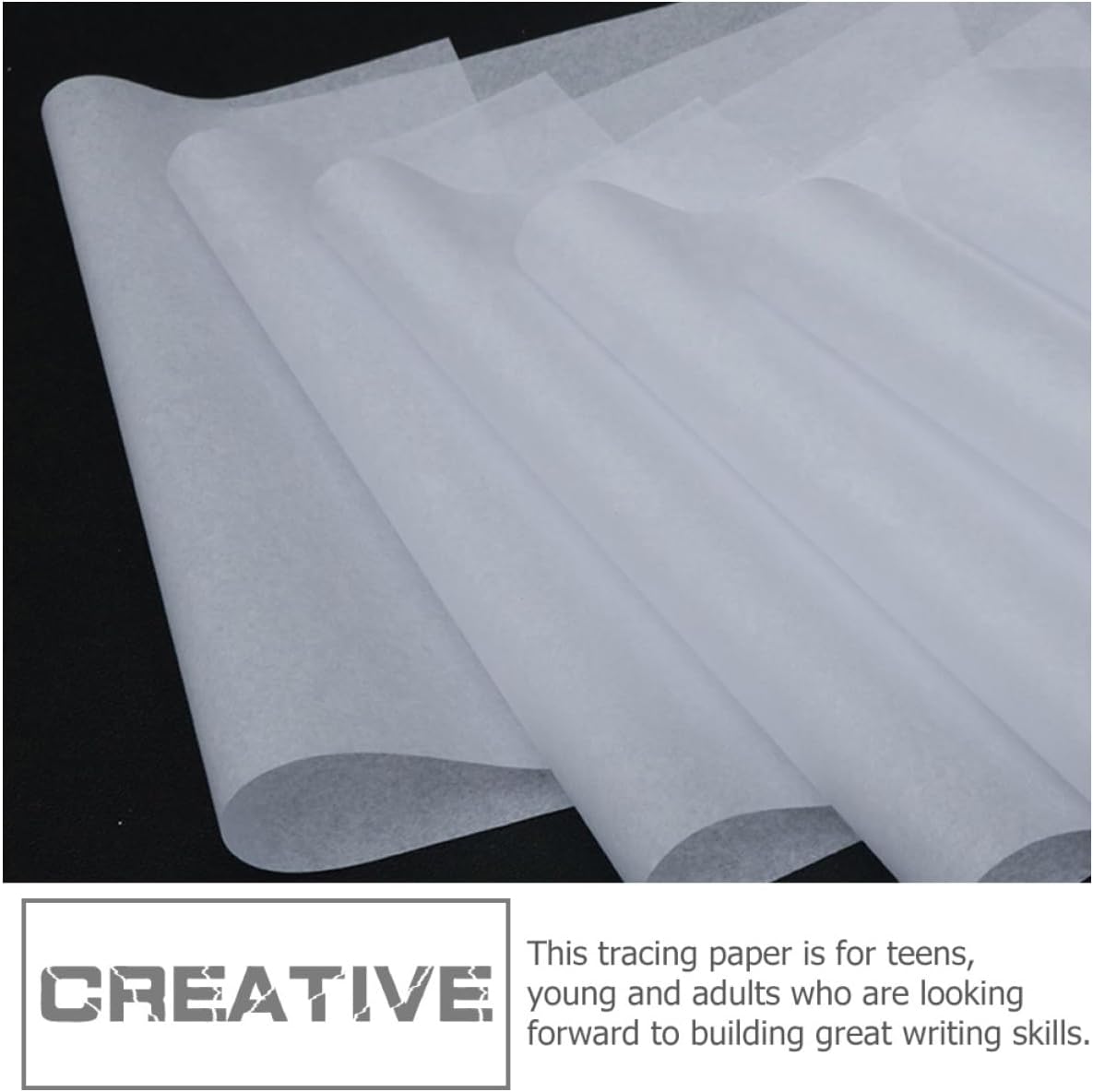 DOITOOL 5 Transparent Tracing Paper for Calligraphy Practice for Drawing Sketching and DIY Crafts of Transfer Paper for Handwriting and Art Projects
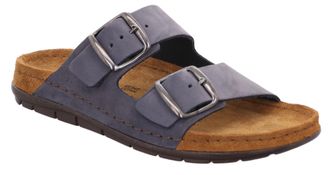 Rohde Pantolette ROHDE Rodigo-D, Damen, Gr. 36, blau (ocean), Leder, Schuhe Pantolette, Sommerschuh, Schlappen, Hausschuh mit Schnallenverschl&uuml;sse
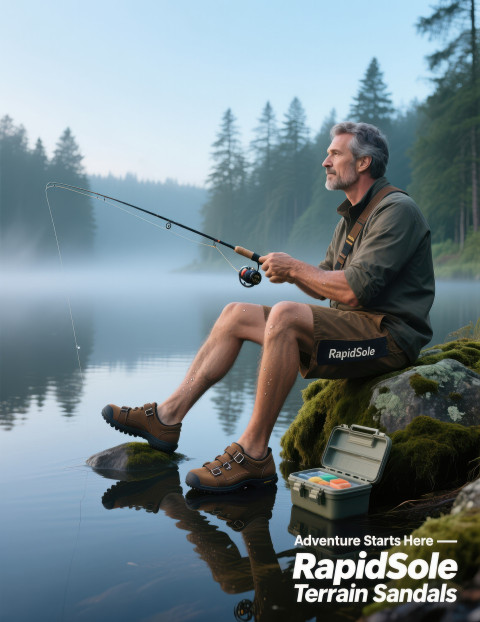Man sitting on rock fishing by misty dawn lake in brown hiking sandals Man sitting on rock fishing by misty dawn lake in brown hiking sandals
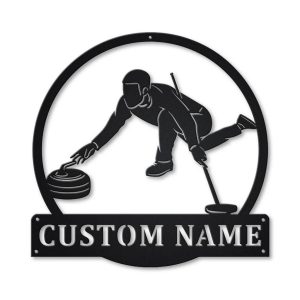 Curling Sport Metal Sign Personalized Metal Name Signs Home Decor Sport Lovers Gifts 1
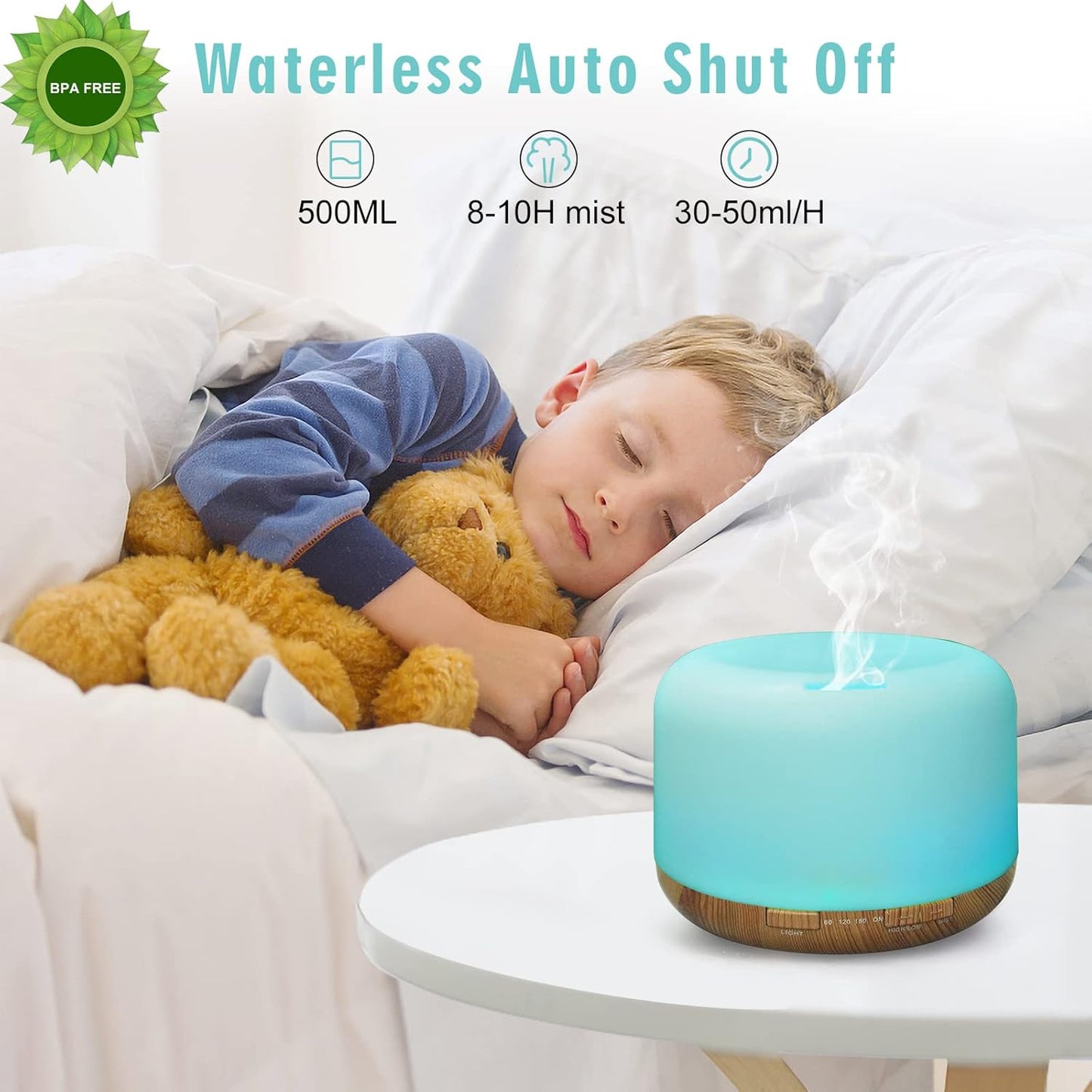 500 ml Essential Oil Diffuser, BPA Free, Silent Ultrasonic Humidifier with Remote Control, 4 Timer and 7 LED Colours – Automatic Shut-Off, Yellow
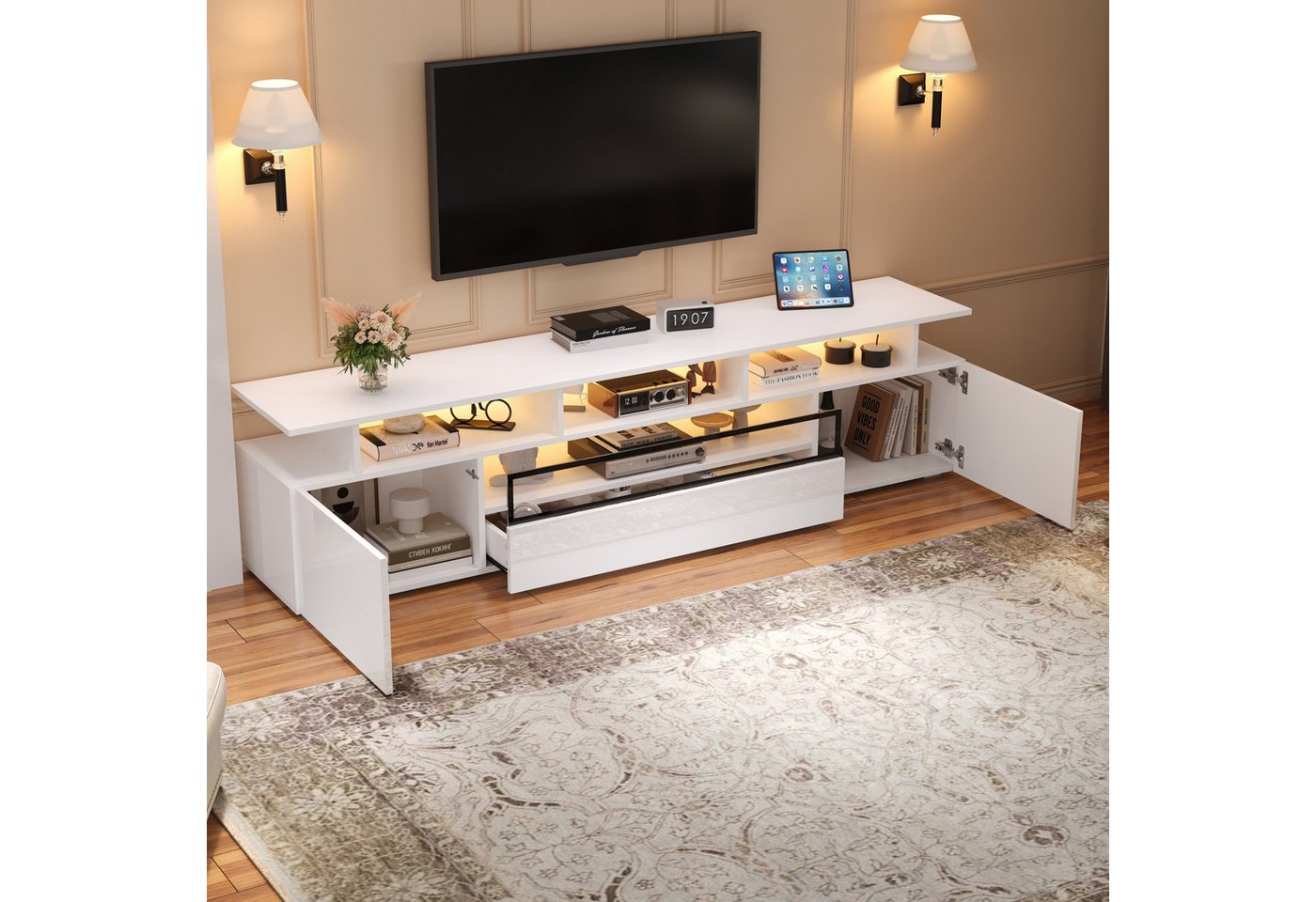 Merax Lowboard Hochglanz TV-Schrank mit LED-Beleuchtung (1 St), Fernsehschrank mit Schublade,2 Schränke & 10 Ablageflächen,180x38x45cm von Merax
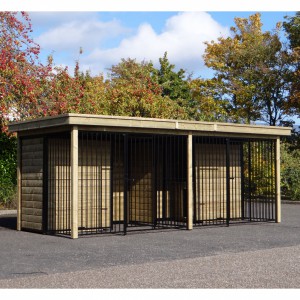 Hondenkennel COMPART met 2 nachthokken 566x240x222cm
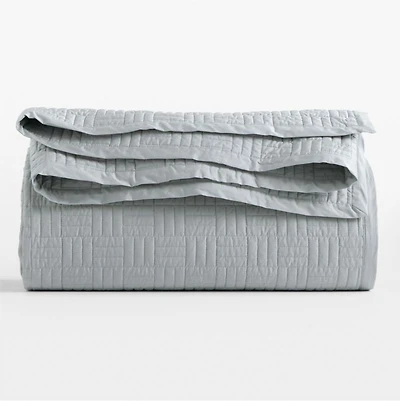 Serene Washed Organic Cotton Sateen Classic Stitch Light Mist Blue Full /Queen Quilt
········
» **INSTRUCTIONS FOR THE TASK**: Which lines run from the one holding "Curling Sport Metal" through the end of the records? Reproduce them word for word, both ends included, with no pictures.

» **ANSWER TO THE PROBLEM**:
 Curling Sport Metal Sign Personalized Metal Name Signs Home Decor Sport Lovers Gifts 1
 500 ml Essential Oil Diffuser, BPA Free, Silent Ultrasonic Humidifier with Remote Control, 4 Timer and 7 LED Colours – Automatic Shut-Off, Yellow
 Merax Lowboard Hochglanz TV-Schrank mit LED-Beleuchtung (1 St), Fernsehschrank mit Schublade,2 Schränke & 10 Ablageflächen,180x38x45cm von Merax
 Hondenkennel COMPART met 2 nachthokken 566x240x222cm
 Serene Washed Organic Cotton Sateen Classic Stitch Light Mist Blue Full /Queen Quilt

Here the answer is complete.